▼
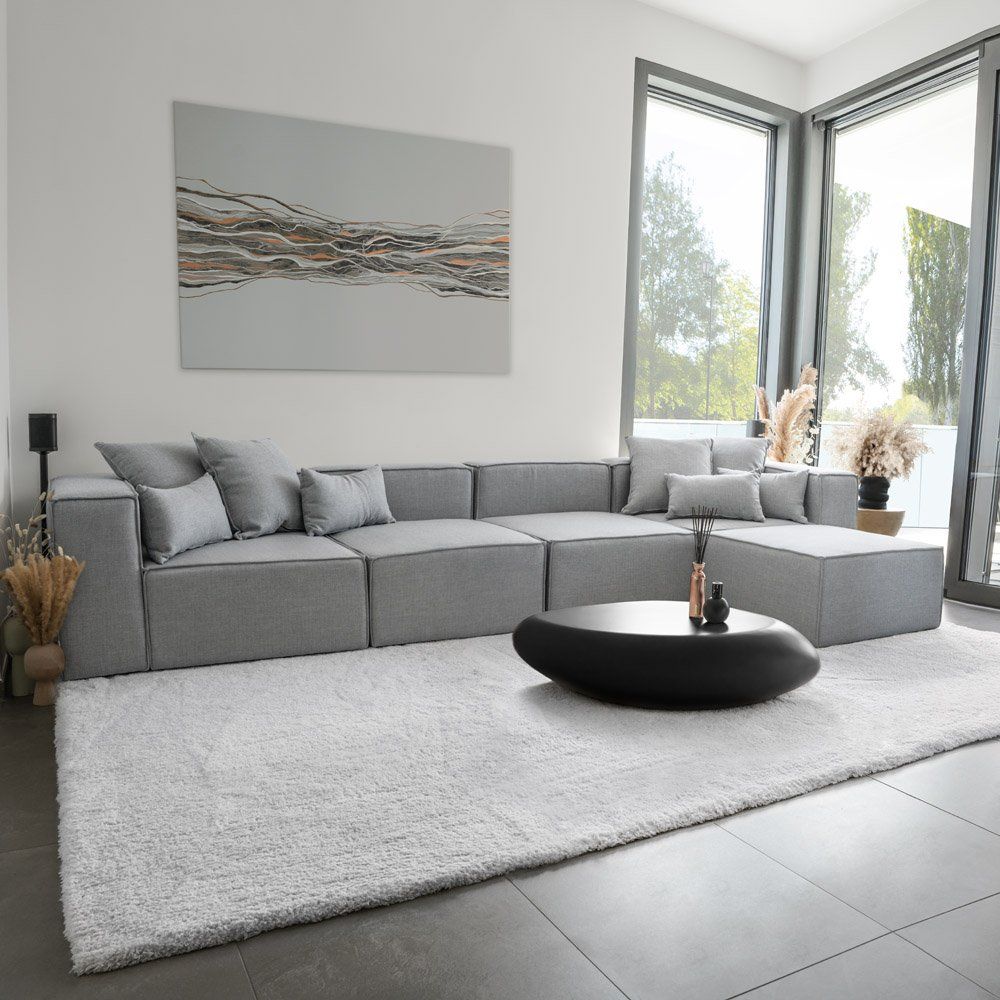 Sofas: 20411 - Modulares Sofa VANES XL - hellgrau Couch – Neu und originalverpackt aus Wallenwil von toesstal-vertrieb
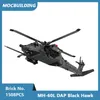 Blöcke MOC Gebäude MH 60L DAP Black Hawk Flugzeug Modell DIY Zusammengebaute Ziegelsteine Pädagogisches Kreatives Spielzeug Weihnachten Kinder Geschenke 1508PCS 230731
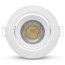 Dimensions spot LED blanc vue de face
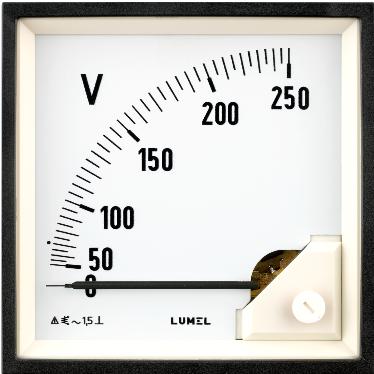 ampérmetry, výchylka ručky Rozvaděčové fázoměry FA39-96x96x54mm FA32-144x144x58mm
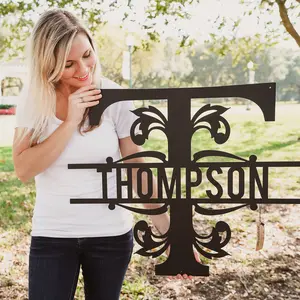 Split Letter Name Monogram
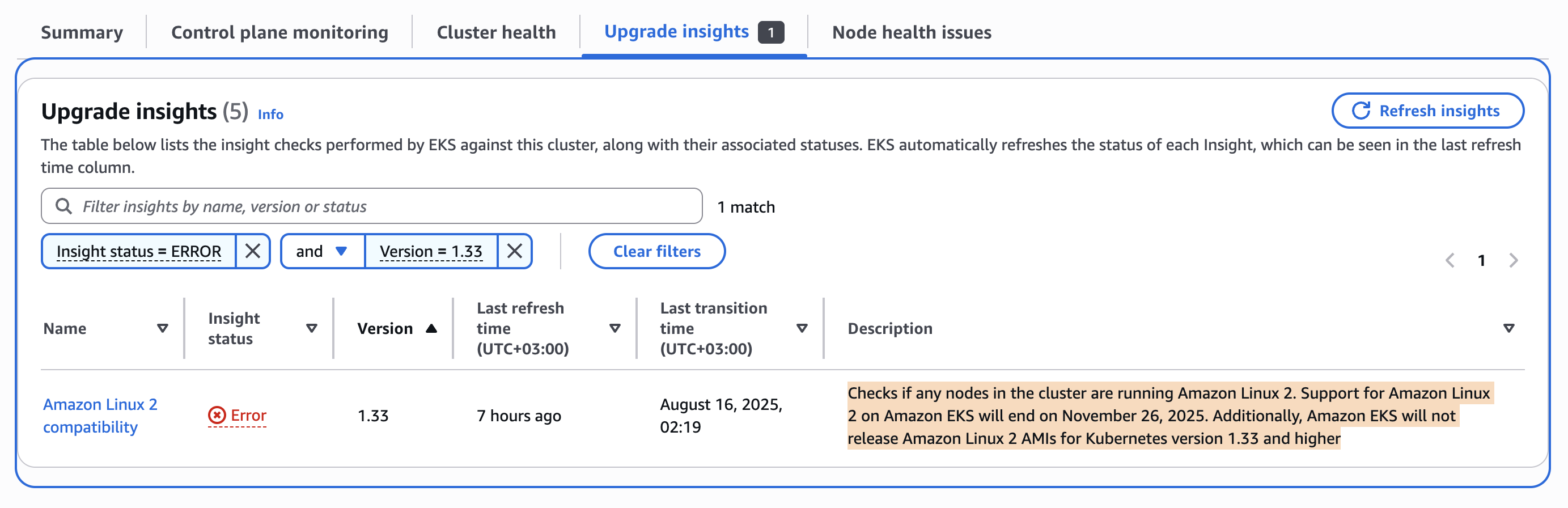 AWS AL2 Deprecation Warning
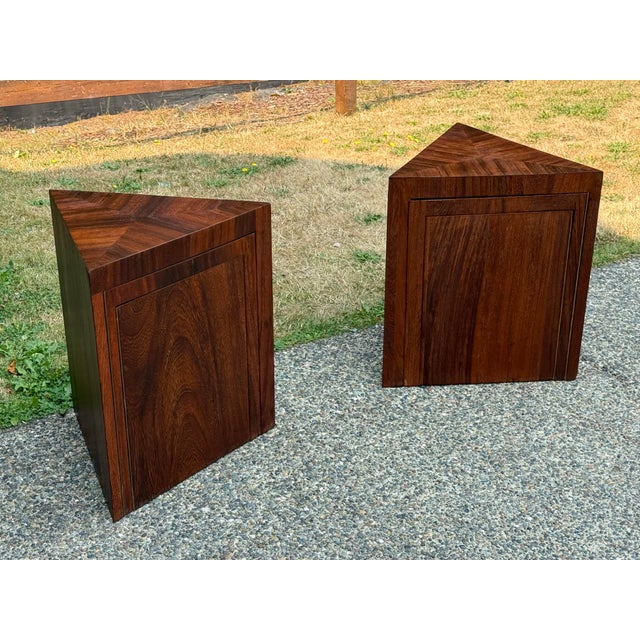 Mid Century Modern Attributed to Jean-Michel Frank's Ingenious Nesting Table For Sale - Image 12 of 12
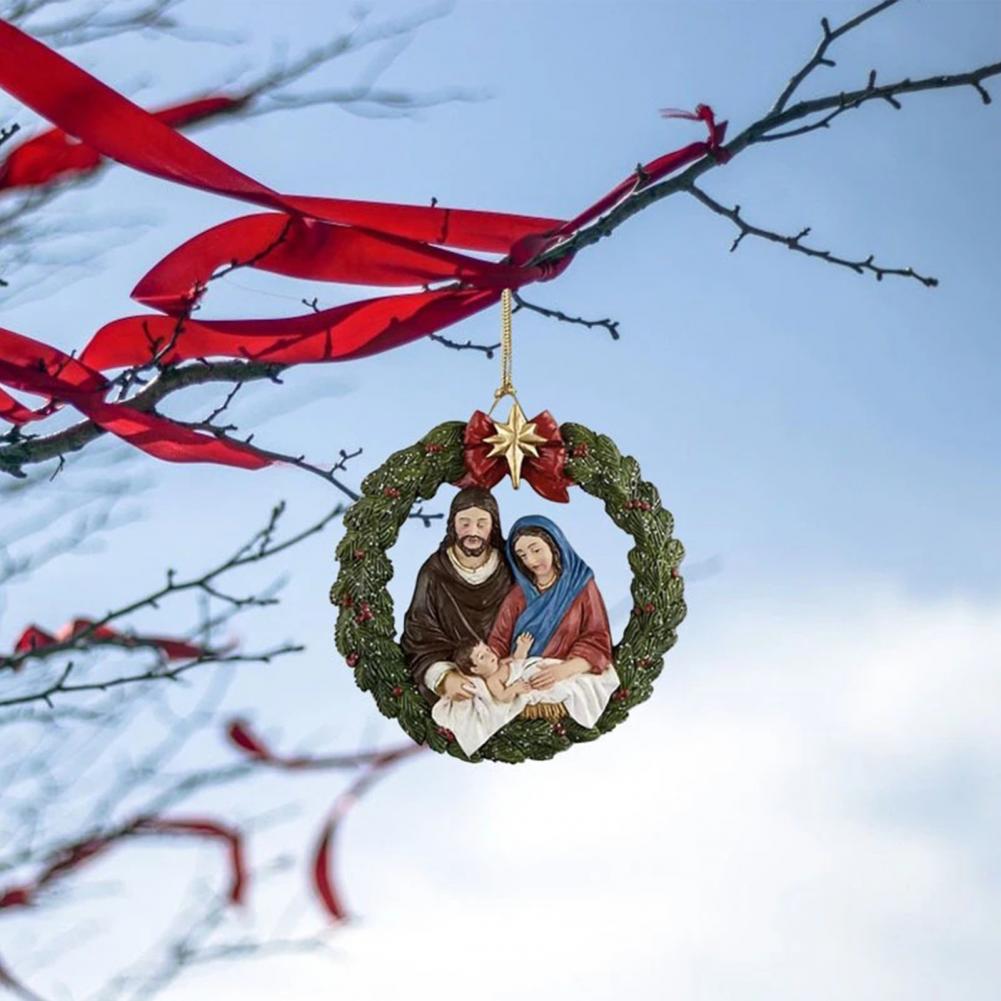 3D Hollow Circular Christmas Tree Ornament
▲
▼
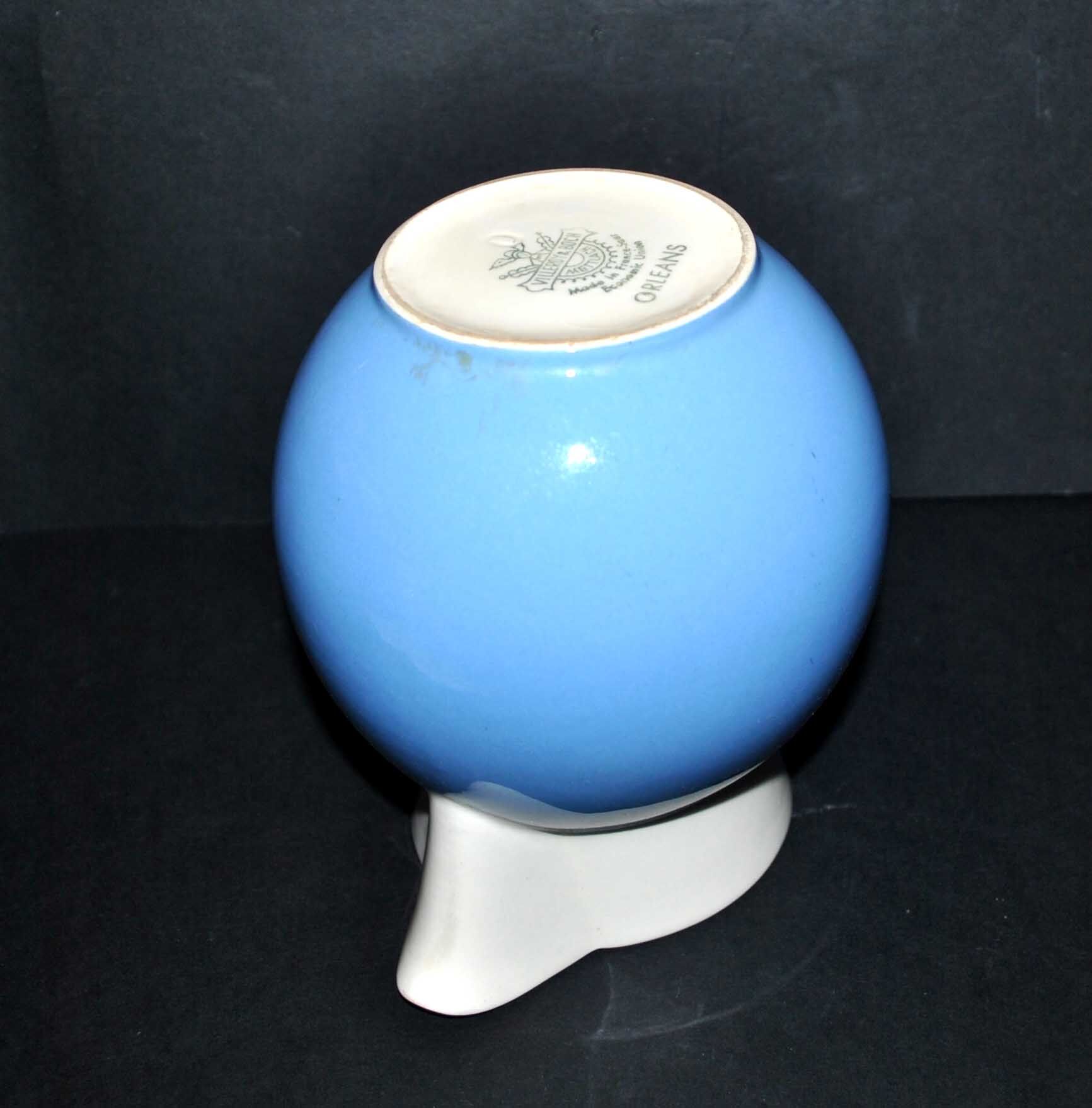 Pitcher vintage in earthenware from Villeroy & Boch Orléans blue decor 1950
▲
▼
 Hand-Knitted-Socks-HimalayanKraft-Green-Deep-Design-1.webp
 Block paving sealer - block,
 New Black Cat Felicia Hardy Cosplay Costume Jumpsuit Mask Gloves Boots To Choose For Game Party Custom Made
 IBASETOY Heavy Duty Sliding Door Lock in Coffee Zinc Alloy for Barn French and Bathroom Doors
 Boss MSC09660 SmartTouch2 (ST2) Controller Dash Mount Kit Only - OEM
▲
| Exercise prompt |
From the records above, repeat exactly the lines from the one with "New Black Cat" through the one with "Boss MSC09660 SmartTouch2", both included.

| Answer |
 New Black Cat Felicia Hardy Cosplay Costume Jumpsuit Mask Gloves Boots To Choose For Game Party Custom Made
 IBASETOY Heavy Duty Sliding Door Lock in Coffee Zinc Alloy for Barn French and Bathroom Doors
 Boss MSC09660 SmartTouch2 (ST2) Controller Dash Mount Kit Only - OEM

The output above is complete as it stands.